Warner was widely seen as the instigator of the plot during the third Test in Cape Town last year to use sandpaper to alter the ball, with rookie opener Cameron Bancroft carrying it out and Smith turning a blind eye.
The Sydney Morning Herald reported on Friday that star bowlers Mitchell Starc, Josh Hazlewood, Pat Cummins and Nathan Lyon all intended to pull out of the fourth Test in South Africa if Warner was not removed from the team.
Citing multiple sources, it said "the revelation highlights the extent of the fracture within the dressing-room in the immediate aftermath of one of the most damaging events in Australian cricket history".
Smith and Warner's reintegration process has already begun with the pair meeting the one-day team in Dubai this month. Lyon and Cummins were present, but the injured Starc and Hazlewood were not.

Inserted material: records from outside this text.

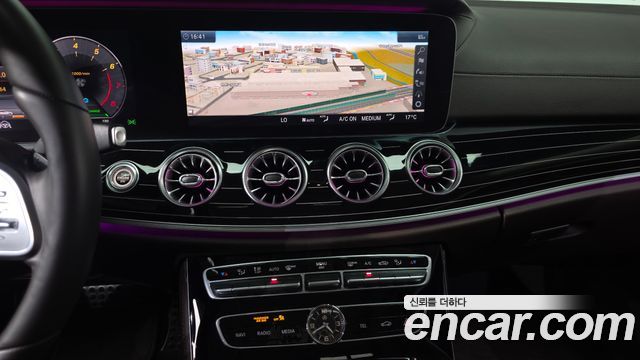 Mercedes-Benz CLS-Class 2019 — photo 19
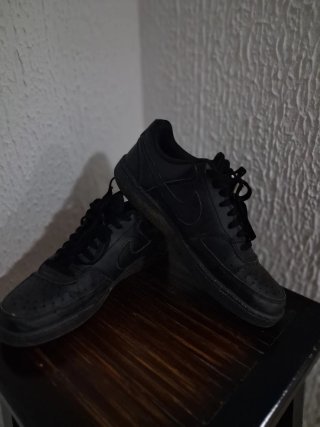 Nike Air Force 1 Negras Talla 42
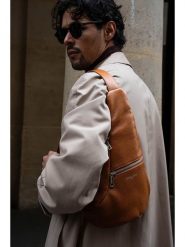 Victor & Hugo Paris Skórzana saszetka "Balt" w kolorze karmelowym - 35 x 30 x 10 cm rozmiar: onesize. Brązowe torby na ramię Victor & Hugo Paris, bez wzorów, z materiału, sportowe, przez ramię, bez dodatków. Za 376.95 zł.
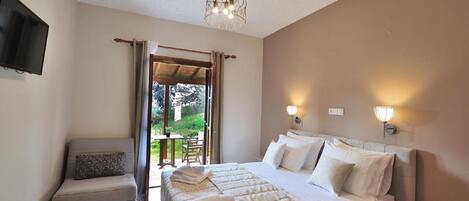 In-room safe, free WiFi, bed sheets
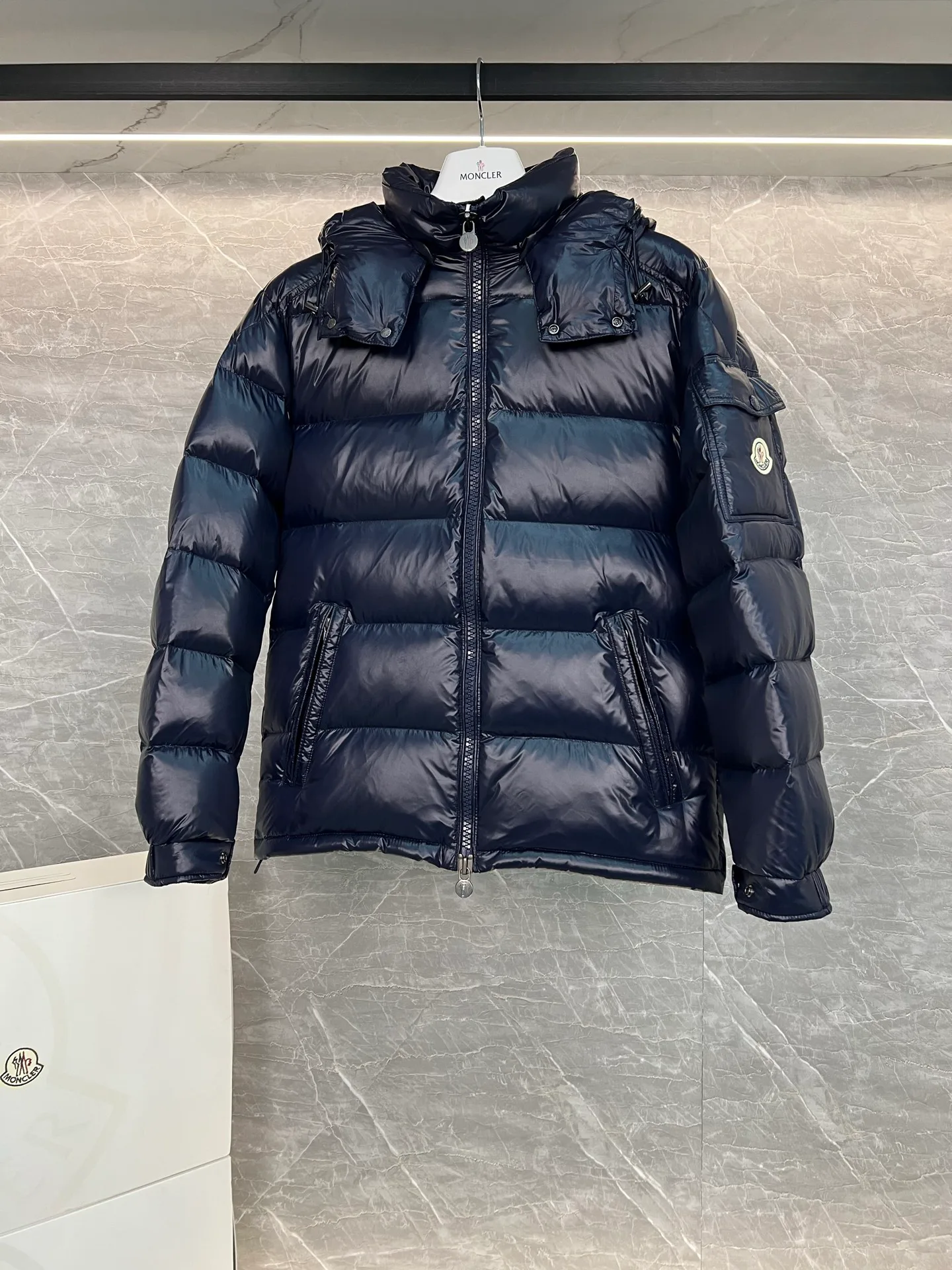 Men's Jackets And Down Jackets MONCLER 18111322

Asked whether relations had been patched up sufficiently for Warner's return not to be disruptive, Roberts compared the situation to any other workplace.
"What we're focused on is doing everything we can to support Dave, Steve, Cameron and all of the other support staff with this integration... to build harmony rather than to disrupt the harmony that is building," he said at the Melbourne Press Club Thursday.
"At the same time, let's be open about it -- in any workplace you don't need to be best mates with everyone, but there needs to be a foundation of respect and I think there is growing respect there."
He added that Smith, Warner, and Bancroft had all "owned their mistakes, they've paid a price and have served their time".
The "Sandpaper-gate" scandal triggered far-reaching consequences for Australian cricket.
Then-coach Darren Lehmann quit and all the top brass from Cricket Australia left after a scathing review said their "arrogant and controlling" win-at-all-costs culture was partly to blame for players bending the rules.
'Bloody hard'
Reflecting on the past year, Roberts said "our highest priority now is rebuilding trust both within and around cricket".
"We've seen tangible change at the board level, the executive level, we've got a new men's coach and a relatively new men's Test captain.
"Those are some of the tangible changes. But much more importantly the really important intangible change is that we are now very clear about what we stand for.
"Everything we do now at Cricket Australia is about uniting and inspiring communities through cricket."
He added that while Australian teams were determined to win, "we have a non-negotiable expectation that we compete with respect".
While it has been assumed that Smith and Warner will waltz back in for the World Cup, the team's form in recent weeks has given selectors a major headache.
Australia's win over Pakistan on Wednesday was their sixth-straight one-day victory, sealing back-to-back series wins abroad for the first time since 2016 after also beating India.
Skipper Aaron Finch, Usman Khawaja, Shaun Marsh, Peter Handscomb and Glenn Maxwell have all been in good nick at the top of the order.
"It is bloody hard," Finch admitted of World Cup selection. "Especially when the side is playing so well, it's going to be difficult.
"At the end of the day, they're the selectors and it's an incredibly tough decision."